Et voici que grâce à la sonde Dawn de la NASA, une autre candidate pointe son nez : Cérès. C’est une planète dite « naine », orbitant dans la ceinture d’astéroïdes entre Mars et Jupiter, à environ 370 millions de kilomètres du Soleil. Si elle tourne autour de ce dernier et si elle est quasi sphérique, Cérès n’est pas une planète, car elle n’a pas fait le ménage sur son orbite, occupée par de multiples corps rocheux. Mais c’est un gros morceau, de 950 kilomètres de diamètre, qui représente le tiers de la masse de la ceinture d’astéroïdes.

Depuis l’arrivée de Dawn dans son voisinage, en mars 2015, les révélations et les surprises se succèdent, dévoilant une complexité inattendue pour un tel corps. Les premières photographies montrent des taches blanches dans des cratères, attribuées à de la présence de sels remontant à la surface.

Un corps en pelure d’oignon

En septembre 2016 est découverte une montagne de 4 kilomètres de haut, d’un type encore jamais vu : un volcan froid d’où sort une boue visqueuse. En janvier, une autre équipe a montré que l’eau est finalement très abondante, pratiquement sur toute la planète – sauf à l’équateur –, sous forme de glace prisonnière sous la surface. Divers autres indices indiquent même que le corps est en pelure d’oignon avec un cœur dur au centre et des enveloppes glacées autour.
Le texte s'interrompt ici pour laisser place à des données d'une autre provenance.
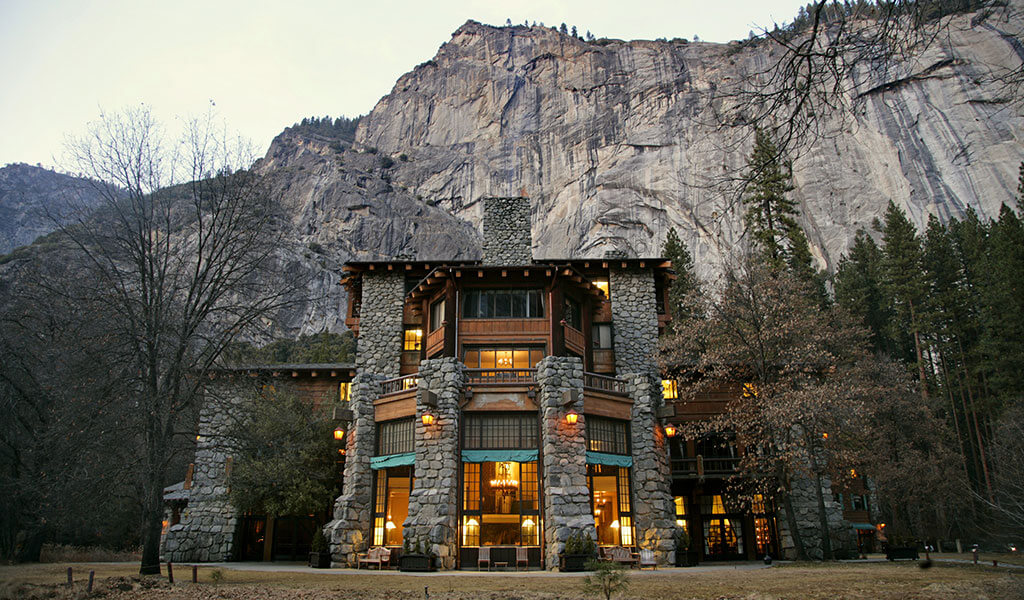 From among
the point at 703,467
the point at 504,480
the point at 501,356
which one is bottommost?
the point at 504,480

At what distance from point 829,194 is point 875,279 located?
61.5 feet

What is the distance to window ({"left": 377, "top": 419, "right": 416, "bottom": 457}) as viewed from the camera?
24.1 metres

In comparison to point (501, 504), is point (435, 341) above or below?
above

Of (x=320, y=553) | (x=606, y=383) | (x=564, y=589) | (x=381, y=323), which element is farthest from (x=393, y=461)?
(x=564, y=589)

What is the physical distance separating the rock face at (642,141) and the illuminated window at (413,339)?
53.7 feet

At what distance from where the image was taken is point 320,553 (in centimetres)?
2234

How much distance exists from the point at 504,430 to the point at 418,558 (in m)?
5.36

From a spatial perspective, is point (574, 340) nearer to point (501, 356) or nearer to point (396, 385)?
point (501, 356)

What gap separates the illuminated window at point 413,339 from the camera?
1169 inches

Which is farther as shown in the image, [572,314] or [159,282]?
[572,314]

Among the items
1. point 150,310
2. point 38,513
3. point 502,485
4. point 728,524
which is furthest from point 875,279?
point 38,513

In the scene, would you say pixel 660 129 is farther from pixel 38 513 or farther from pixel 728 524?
pixel 38 513

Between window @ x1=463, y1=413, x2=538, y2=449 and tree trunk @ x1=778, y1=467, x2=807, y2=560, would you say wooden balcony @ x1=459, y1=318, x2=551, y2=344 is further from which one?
tree trunk @ x1=778, y1=467, x2=807, y2=560

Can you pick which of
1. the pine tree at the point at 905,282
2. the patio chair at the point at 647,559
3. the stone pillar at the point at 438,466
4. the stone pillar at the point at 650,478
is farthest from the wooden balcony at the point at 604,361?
the pine tree at the point at 905,282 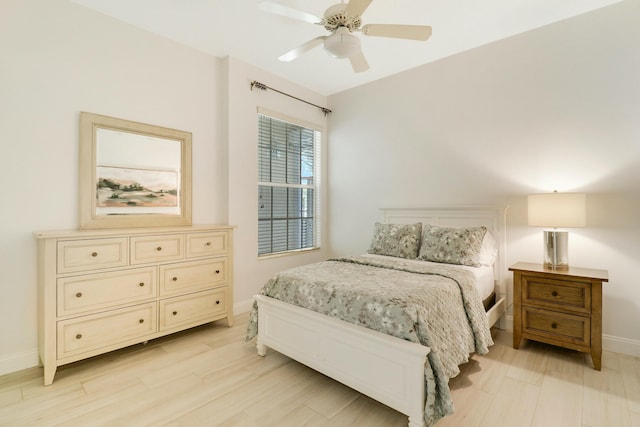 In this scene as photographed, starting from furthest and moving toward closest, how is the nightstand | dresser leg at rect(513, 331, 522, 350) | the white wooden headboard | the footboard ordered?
the white wooden headboard, dresser leg at rect(513, 331, 522, 350), the nightstand, the footboard

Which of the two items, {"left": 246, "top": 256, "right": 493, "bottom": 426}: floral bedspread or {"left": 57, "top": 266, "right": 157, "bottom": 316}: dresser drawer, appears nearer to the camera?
{"left": 246, "top": 256, "right": 493, "bottom": 426}: floral bedspread

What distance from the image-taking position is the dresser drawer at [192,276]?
8.45 ft

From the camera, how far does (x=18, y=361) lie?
2168 mm

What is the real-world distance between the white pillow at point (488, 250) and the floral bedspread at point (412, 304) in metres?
0.46

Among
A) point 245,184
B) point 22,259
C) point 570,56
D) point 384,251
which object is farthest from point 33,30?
point 570,56

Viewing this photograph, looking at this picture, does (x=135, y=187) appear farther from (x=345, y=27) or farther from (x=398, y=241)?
(x=398, y=241)

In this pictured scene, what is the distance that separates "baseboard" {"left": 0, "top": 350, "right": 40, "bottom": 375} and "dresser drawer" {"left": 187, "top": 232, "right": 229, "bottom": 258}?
4.12 ft

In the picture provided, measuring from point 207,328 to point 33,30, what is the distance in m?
2.79

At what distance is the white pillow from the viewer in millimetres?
2801

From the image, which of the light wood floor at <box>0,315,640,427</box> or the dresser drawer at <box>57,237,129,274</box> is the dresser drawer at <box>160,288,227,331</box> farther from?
the dresser drawer at <box>57,237,129,274</box>

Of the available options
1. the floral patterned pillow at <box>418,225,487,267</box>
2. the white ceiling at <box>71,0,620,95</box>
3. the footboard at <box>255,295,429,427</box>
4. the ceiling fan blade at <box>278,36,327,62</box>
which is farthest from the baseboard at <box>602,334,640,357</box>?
the ceiling fan blade at <box>278,36,327,62</box>

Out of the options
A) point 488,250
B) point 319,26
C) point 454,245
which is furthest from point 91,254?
point 488,250

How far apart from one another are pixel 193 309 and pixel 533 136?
11.6ft

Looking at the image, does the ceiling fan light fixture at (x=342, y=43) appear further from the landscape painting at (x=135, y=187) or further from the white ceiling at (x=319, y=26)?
the landscape painting at (x=135, y=187) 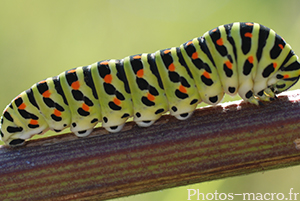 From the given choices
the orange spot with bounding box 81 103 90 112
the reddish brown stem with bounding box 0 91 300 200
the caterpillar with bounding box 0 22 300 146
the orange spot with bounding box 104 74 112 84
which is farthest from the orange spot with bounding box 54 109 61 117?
the orange spot with bounding box 104 74 112 84

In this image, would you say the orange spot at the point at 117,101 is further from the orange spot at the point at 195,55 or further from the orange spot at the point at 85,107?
the orange spot at the point at 195,55

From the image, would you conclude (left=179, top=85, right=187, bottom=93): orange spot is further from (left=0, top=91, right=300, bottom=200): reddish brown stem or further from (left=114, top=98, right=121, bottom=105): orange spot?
(left=114, top=98, right=121, bottom=105): orange spot

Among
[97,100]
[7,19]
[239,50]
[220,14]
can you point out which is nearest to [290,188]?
[220,14]

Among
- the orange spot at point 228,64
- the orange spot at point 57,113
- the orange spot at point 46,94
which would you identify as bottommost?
the orange spot at point 57,113

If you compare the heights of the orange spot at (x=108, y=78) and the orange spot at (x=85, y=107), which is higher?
the orange spot at (x=108, y=78)

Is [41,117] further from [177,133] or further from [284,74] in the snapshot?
[284,74]

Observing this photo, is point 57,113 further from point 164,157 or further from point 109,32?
point 109,32

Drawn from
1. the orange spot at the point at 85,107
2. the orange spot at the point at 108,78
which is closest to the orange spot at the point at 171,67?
the orange spot at the point at 108,78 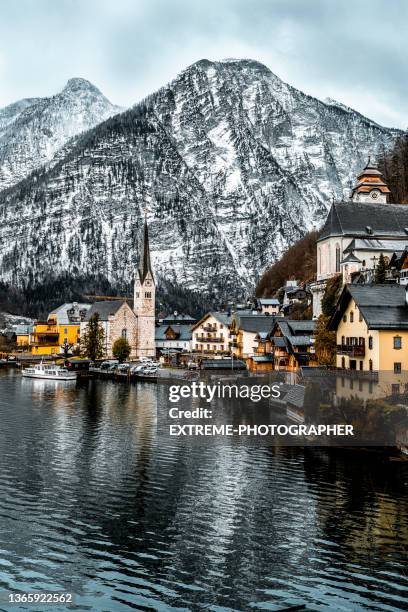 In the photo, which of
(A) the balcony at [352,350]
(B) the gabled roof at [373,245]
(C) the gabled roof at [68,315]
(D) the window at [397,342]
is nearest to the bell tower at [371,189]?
(B) the gabled roof at [373,245]

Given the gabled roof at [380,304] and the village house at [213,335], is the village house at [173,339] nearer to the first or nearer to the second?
the village house at [213,335]

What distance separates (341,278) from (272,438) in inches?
1459

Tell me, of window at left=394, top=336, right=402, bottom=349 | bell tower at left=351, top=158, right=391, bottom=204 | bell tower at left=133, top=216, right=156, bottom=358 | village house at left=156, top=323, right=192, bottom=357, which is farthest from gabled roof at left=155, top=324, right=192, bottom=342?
window at left=394, top=336, right=402, bottom=349

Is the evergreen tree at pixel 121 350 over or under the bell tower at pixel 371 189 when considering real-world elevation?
under

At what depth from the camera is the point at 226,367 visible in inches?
3115

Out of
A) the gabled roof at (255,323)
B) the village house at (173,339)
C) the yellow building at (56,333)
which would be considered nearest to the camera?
the gabled roof at (255,323)

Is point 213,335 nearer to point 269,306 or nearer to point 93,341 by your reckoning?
point 269,306

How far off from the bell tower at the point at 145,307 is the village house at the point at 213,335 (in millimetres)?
18306

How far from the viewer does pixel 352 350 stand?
43.8m

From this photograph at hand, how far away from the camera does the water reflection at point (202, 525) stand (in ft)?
62.1

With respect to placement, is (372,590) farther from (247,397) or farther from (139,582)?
(247,397)

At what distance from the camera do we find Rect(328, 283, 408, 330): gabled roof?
136ft

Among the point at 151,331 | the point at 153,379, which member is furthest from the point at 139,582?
the point at 151,331

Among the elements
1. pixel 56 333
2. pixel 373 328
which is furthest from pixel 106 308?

Et dans le journal Science du 17 février, des chercheurs italiens et américains de la NASA et de l’Institut d’astrophysique et de planétologie spatiale de Rome (IAPF) expliquent avoir détecté, pour la première fois, la présence de molécules organiques dans certains recoins de cette planète. Cette matière, dont les chercheurs ne peuvent identifier exactement les composants, est faite de longues chaînes de carbone. Ces molécules sont apparentées à des huiles, des cires ou des bitumes, durcies par les températures glaciales de l’ordre de – 100 °C. « C’est un très beau résultat aux mesures convaincantes », estime Olivier Forni, de l’Institut de recherche en astrophysique et planétologie de Toulouse.

Cette détection n’est pas une totale surprise car, à l’aide de télescopes terrestres, de telles signatures chimiques avaient été repérées sur les astéroïdes Cybèle et Thémis. « Mais les signaux étaient faibles, note Maria Cristina de Sanctis, porte-parole de l’expérience à l’IAPF. Ce qui nous a surpris, au début, c’est que nous ne trouvions pas de traces de matière organique ! Finalement nous en avons trouvé et la surprise a été que les proportions sont plus grandes qu’attendues, environ 10 % en volume. »
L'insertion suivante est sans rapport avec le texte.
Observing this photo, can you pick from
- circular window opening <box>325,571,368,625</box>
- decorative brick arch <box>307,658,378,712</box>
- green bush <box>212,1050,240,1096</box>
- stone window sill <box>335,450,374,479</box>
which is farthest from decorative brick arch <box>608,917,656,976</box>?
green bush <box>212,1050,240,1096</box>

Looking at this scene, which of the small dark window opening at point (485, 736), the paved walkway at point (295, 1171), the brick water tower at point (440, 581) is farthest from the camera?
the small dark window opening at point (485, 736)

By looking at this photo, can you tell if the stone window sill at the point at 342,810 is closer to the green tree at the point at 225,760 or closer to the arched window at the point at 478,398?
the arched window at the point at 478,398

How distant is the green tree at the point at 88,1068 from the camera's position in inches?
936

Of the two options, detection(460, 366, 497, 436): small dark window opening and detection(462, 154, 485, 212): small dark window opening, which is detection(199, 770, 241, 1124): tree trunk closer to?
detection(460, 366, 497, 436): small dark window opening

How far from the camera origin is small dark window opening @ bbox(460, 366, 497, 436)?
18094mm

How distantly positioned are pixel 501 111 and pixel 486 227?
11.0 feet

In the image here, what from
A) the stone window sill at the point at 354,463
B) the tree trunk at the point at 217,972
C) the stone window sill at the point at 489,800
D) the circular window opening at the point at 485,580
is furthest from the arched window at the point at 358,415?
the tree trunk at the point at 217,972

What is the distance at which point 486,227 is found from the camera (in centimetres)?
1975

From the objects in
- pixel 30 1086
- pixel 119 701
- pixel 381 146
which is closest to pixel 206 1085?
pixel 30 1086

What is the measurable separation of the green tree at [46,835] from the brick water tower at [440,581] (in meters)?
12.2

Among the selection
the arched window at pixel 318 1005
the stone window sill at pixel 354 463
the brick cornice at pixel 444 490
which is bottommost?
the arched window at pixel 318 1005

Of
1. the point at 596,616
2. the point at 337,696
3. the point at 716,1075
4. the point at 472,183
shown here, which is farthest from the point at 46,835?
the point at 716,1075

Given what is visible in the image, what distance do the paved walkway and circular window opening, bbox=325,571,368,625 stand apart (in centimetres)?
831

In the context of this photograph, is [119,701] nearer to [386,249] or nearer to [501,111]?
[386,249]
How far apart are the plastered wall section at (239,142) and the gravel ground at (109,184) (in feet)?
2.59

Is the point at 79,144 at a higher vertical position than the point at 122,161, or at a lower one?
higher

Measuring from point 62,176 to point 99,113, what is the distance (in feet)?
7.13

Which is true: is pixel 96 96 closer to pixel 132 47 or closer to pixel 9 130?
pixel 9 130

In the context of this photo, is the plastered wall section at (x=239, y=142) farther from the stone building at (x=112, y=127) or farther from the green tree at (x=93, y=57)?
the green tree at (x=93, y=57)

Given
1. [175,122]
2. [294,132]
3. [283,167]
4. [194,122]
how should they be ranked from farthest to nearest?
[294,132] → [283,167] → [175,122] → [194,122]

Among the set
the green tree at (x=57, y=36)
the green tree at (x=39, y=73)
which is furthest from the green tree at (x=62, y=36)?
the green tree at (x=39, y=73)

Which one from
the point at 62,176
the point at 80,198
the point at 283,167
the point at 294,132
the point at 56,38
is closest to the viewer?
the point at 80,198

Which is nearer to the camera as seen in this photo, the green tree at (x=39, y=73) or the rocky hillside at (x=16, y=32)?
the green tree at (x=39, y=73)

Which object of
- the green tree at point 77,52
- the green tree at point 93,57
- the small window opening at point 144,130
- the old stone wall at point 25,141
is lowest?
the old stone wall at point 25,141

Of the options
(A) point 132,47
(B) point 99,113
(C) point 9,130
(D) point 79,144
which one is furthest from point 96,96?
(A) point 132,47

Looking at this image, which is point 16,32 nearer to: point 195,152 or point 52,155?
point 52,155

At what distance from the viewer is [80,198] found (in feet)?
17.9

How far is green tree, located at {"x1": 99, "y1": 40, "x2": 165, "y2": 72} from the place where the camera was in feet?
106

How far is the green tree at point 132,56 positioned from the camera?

C’est dans une zone de 1 000 kilomètres carrés environ, près d’un cratère de l’hémisphère Nord, que cette matière a été finalement observée. Elle est différente de celle trouvée sur des météorites primitives ; différente aussi de celle trouvée sur la comète 67P. « Cela rajoute du curieux à cette planète naine, qui est finalement un objet très particulier. Comme quoi il reste encore de la matière inexplorée dans notre Système solaire », constate Pierre Beck de l’Institut de planétologie de Grenoble.

De fragiles édifices chimiques

Les chercheurs de Dawn pensent que ces chaînes carbonées ont été fabriquées sur place et n’ont pas été apportées par les nombreux bombardements subis par l’astre. Ces derniers auraient détruit ces fragiles édifices chimiques. En revanche, la présence de carbonates, d’ammoniac, de silicates, d’argile et surtout d’eau permet d’élaborer ce type de matière in situ ,même si les détails de la recette sont encore inconnus.

Bien entendu, il y a loin de ces tas de cire sombre à la vie florissante, telle qu’on la connaît sur Terre. Nul acide aminé par exemple – une des briques pour fabriquer des protéines – n’a été identifié, contrairement à ce qui a été vu dans les météorites ou les comètes. Mais la chimie, même pauvre, qui s’est déroulée sur Cérès mérite d’être comprise pour saisir la répartition dans le Système solaire de ces ingrédients, peut être utiles à la vie. Une difficulté supplémentaire réside dans le fait que les astrophysiciens ignorent où s’est formée Cérès, si elle a toujours occupé cette position ou bien si elle a été assemblée au-delà de Neptune, avant de migrer vers l’intérieur du Système solaire ?

« La taille de Cérès et la combinaison d’eau, de matière organique et peut-être d’eau souterraine, la mettent sur la liste des objets pouvant contenir des formes de vie primitive, estime Michaël Küppers de l’Agence spatiale européenne. Et Cérès est plus facile à atteindre que les lunes de Jupiter ou de Saturne. » Toutefois, seuls les Chinois ont pour l’instant des plans pour rapporter un morceau de cette planète naine après 2030. Une proposition française pour une telle mission, baptisée Nautilus, n’a pas été retenue par le Centre national d’études spatiales, l’agence spatiale française, à l’été 2016.

Pour espérer en savoir plus sur la nature de cette matière mystérieuse, il faudra donc se contenter des deux sondes actuelles en route vers des astéroïdes, en espérant qu’ils ressemblent à Cérès. Hayabusa 2 touchera sa cible, 162173 Ryugu, en 2018 pour un retour sur Terre en 2020 ; et Osiris-Rex, parti en 2016, espère rapporter des roches de 101955 Bennu en 2023.